Records for this task
▼
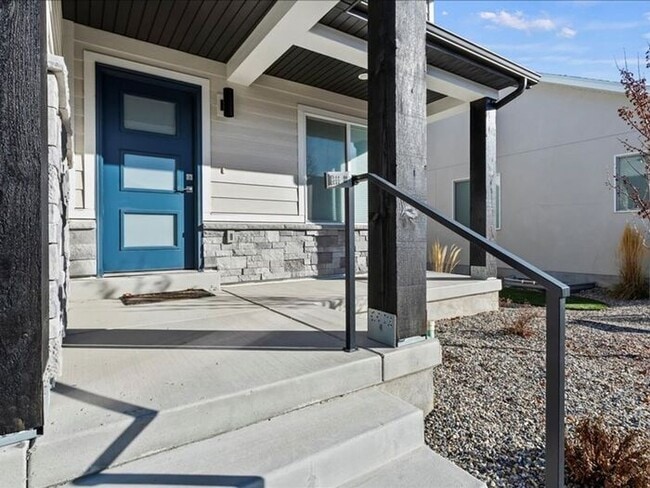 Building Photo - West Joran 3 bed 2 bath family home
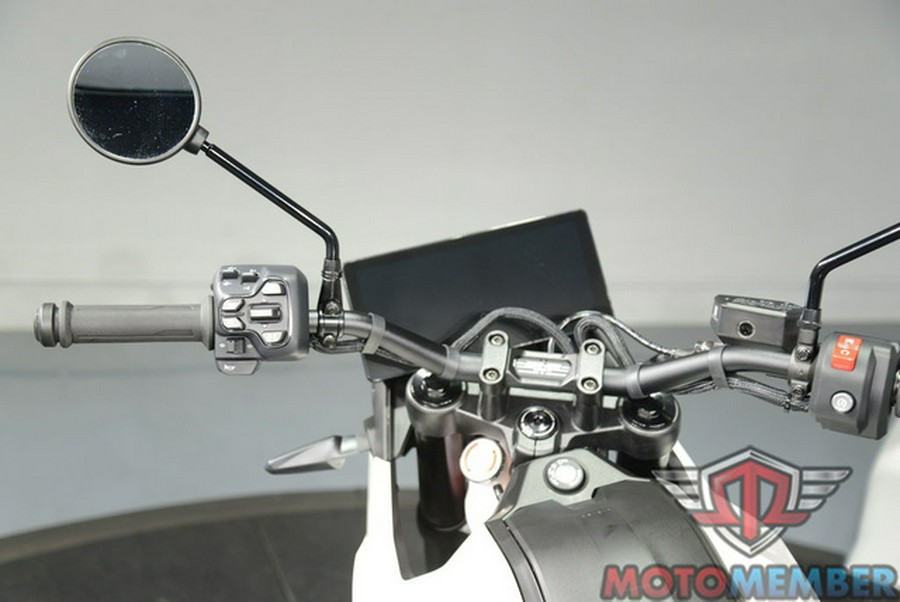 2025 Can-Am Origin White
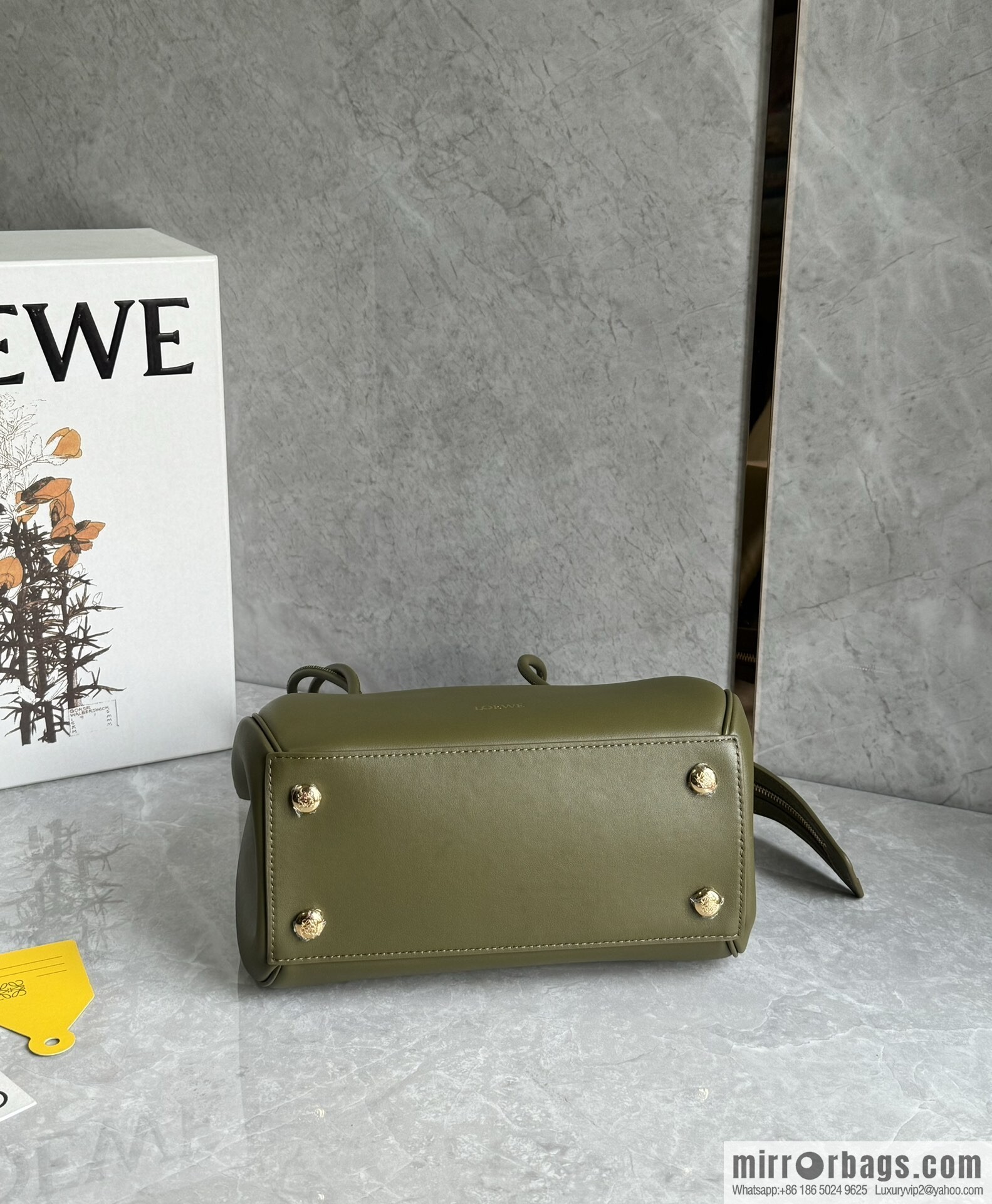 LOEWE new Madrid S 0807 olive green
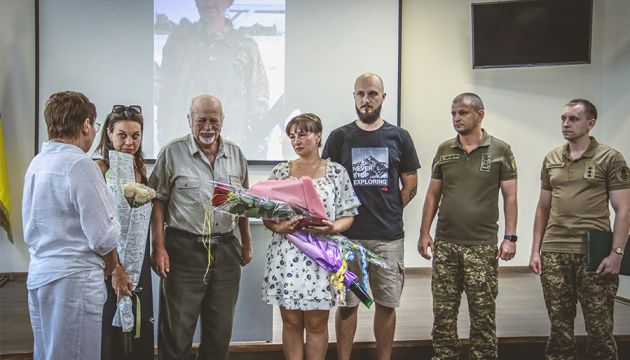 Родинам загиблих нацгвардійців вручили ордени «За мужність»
▲
▼
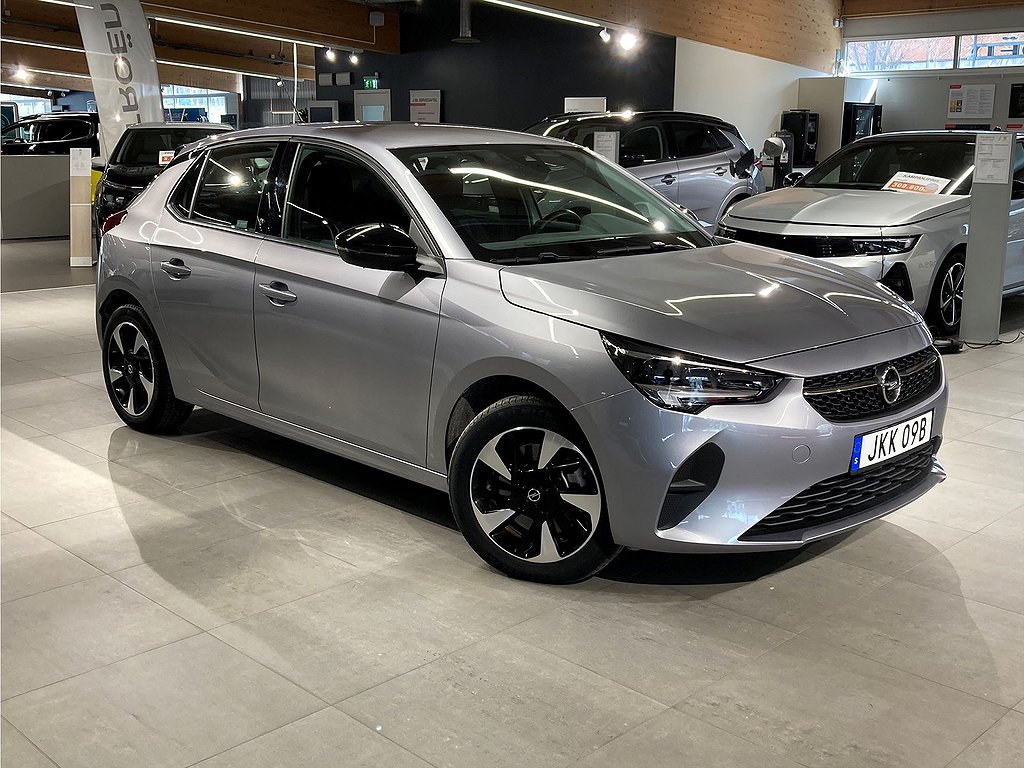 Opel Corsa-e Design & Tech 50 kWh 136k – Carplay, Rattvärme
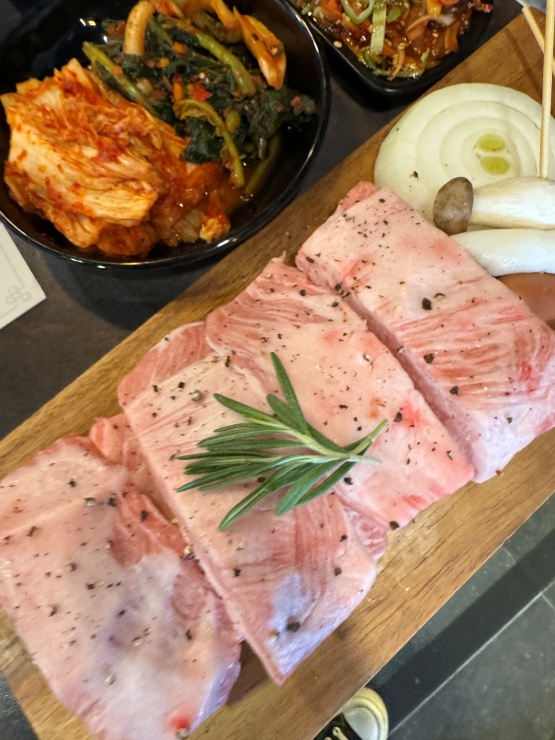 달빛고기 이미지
▲
▼
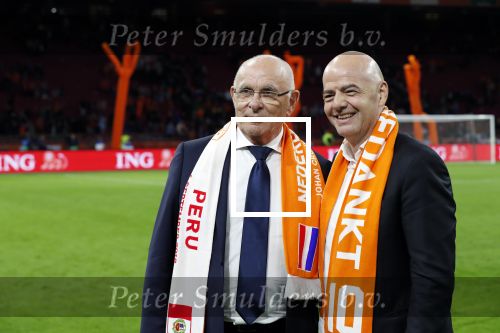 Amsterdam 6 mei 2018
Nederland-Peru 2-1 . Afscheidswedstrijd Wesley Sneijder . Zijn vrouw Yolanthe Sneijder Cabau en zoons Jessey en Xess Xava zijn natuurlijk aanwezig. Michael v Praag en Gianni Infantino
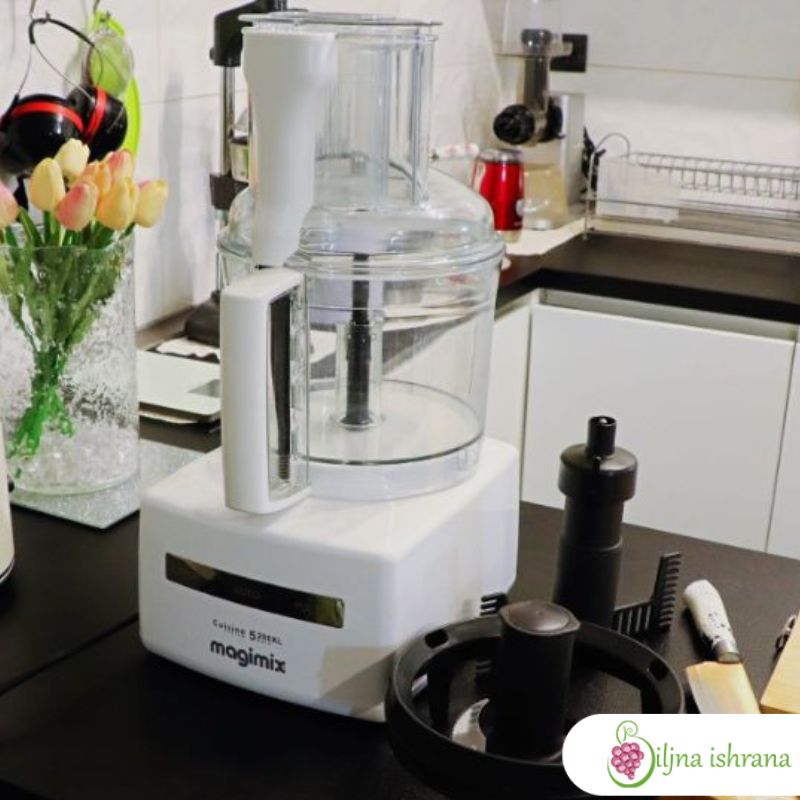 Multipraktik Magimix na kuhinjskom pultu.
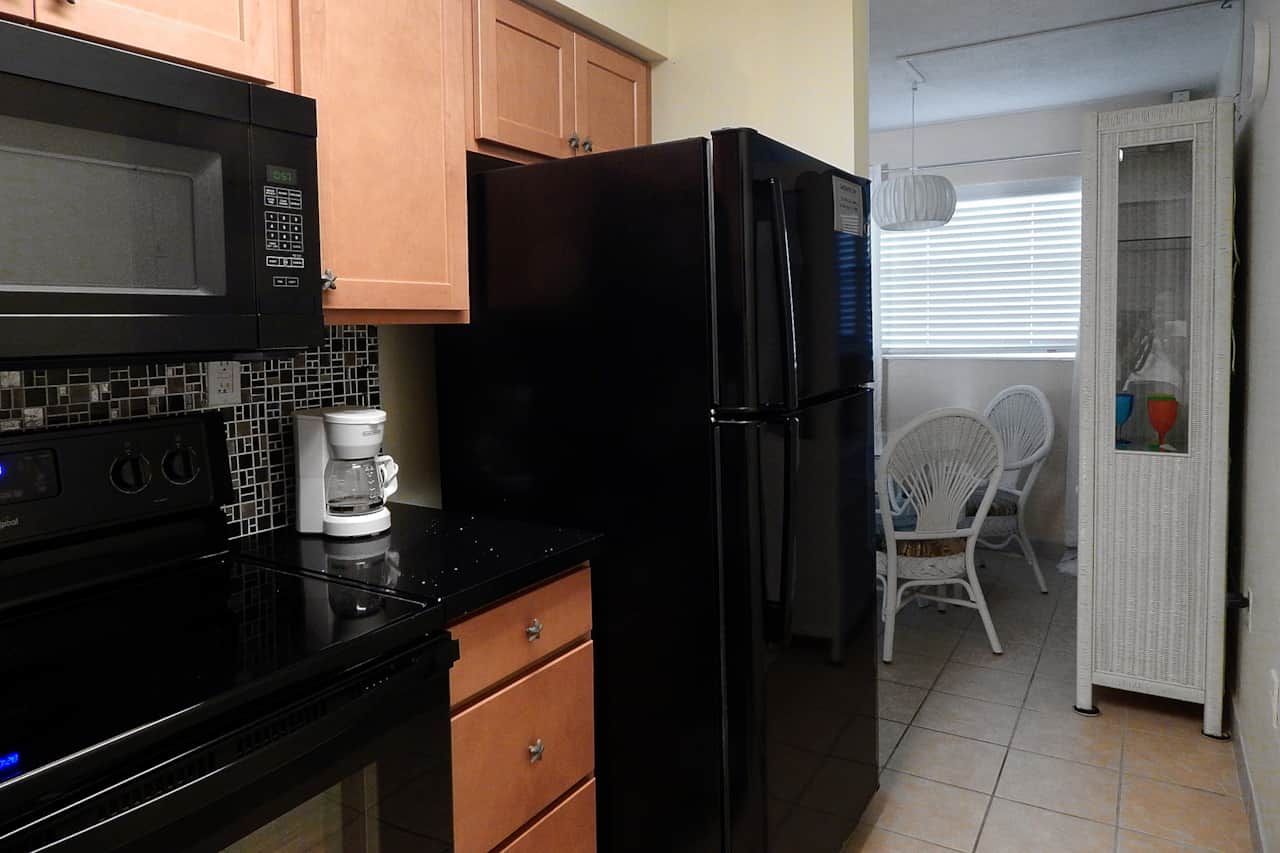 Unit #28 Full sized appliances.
▲
Description of the task
Look above for the line with "Building Photo - West" and the line with "Родинам загиблих нацгвардійців". Output those two and everything between them exactly, pictures excluded.

Solution to this exercise
 Building Photo - West Joran 3 bed 2 bath family home
 2025 Can-Am Origin White
 LOEWE new Madrid S 0807 olive green
 Родинам загиблих нацгвардійців вручили ордени «За мужність»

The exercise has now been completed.